There was a time were the Food Network was actually populated by traditional cooking shows, y'know, the ones that tell you how to make things yourself. Emeril Legasse was the first big star of the network on the back of Emeril Live, which he taped in front of a studio audience. Somehow he parlayed this into a short-lived sitcom on NBC. The second era of the network began with Iron Chef. A Japanese import dubbed in English for American consumption, it became a huge cult hit, usually classified as cooking shows meet professional wrestling. You know the basics: A chef comes to Kitchen Stadium to challenge one of the Iron Chefs, with the few winning challengers clearly being among the most super awesome chefs on the planet. https://www.youtube.com/watch?v=tto0h9myLFQ There was just one problem: The show ended not long after Food Network picked up the dubbed version. Still, the back catalog carried them along for several years.
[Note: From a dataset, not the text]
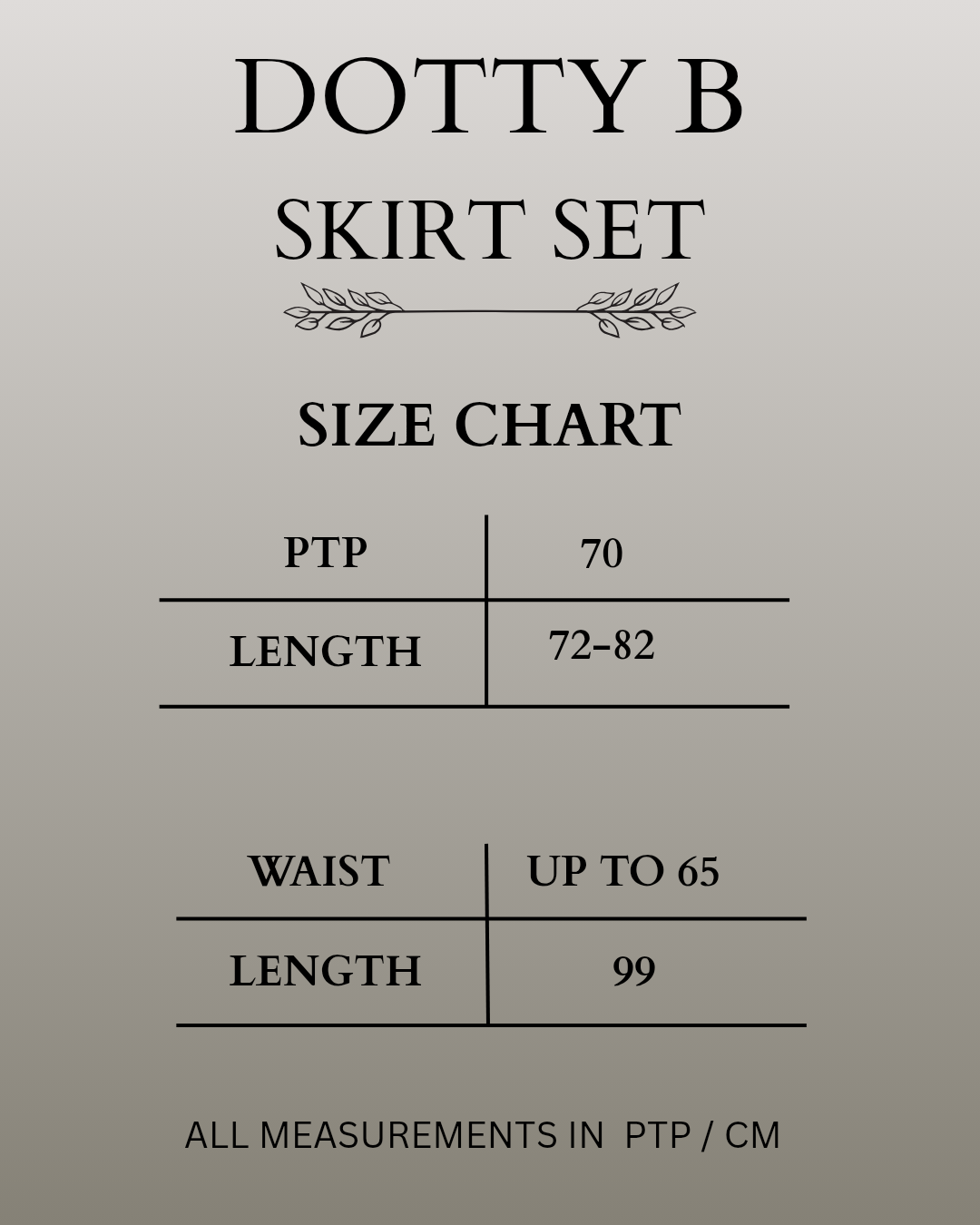 Dotty B Skirt Set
Eventually, after various specials, the network picked up Iron Chef America, which included Iron Chef Japanese, Masaharu Morimoto (who lived in New York even during production of the original) and existing Food Network stars like Bobby Flay. Alton Brown would take over the both the play by play and color commentary roles, and the show is still on the air to this day. Unfortunately, it never really got what made the original great. The exotic foods, like abalone, which can't legally be procured in the United States. The theatrics. The voice actors who spoke English with Japanese inflections, making the show feel more authentic than it could have in lesser hands. Crazy rivalries like Ohta Faction defending the honor of traditional Japanese cooking against fusion special Morimoto. Amazing moments like Iron Chef Chinese Chen Kenichi freaking out when the theme ingredient was yogurt. And so on. Iron Chef America is not a bad show. It's just not Iron Chef. With reruns of the original gone, that makes it feel like a replacement, which it isn't worthy of being at all.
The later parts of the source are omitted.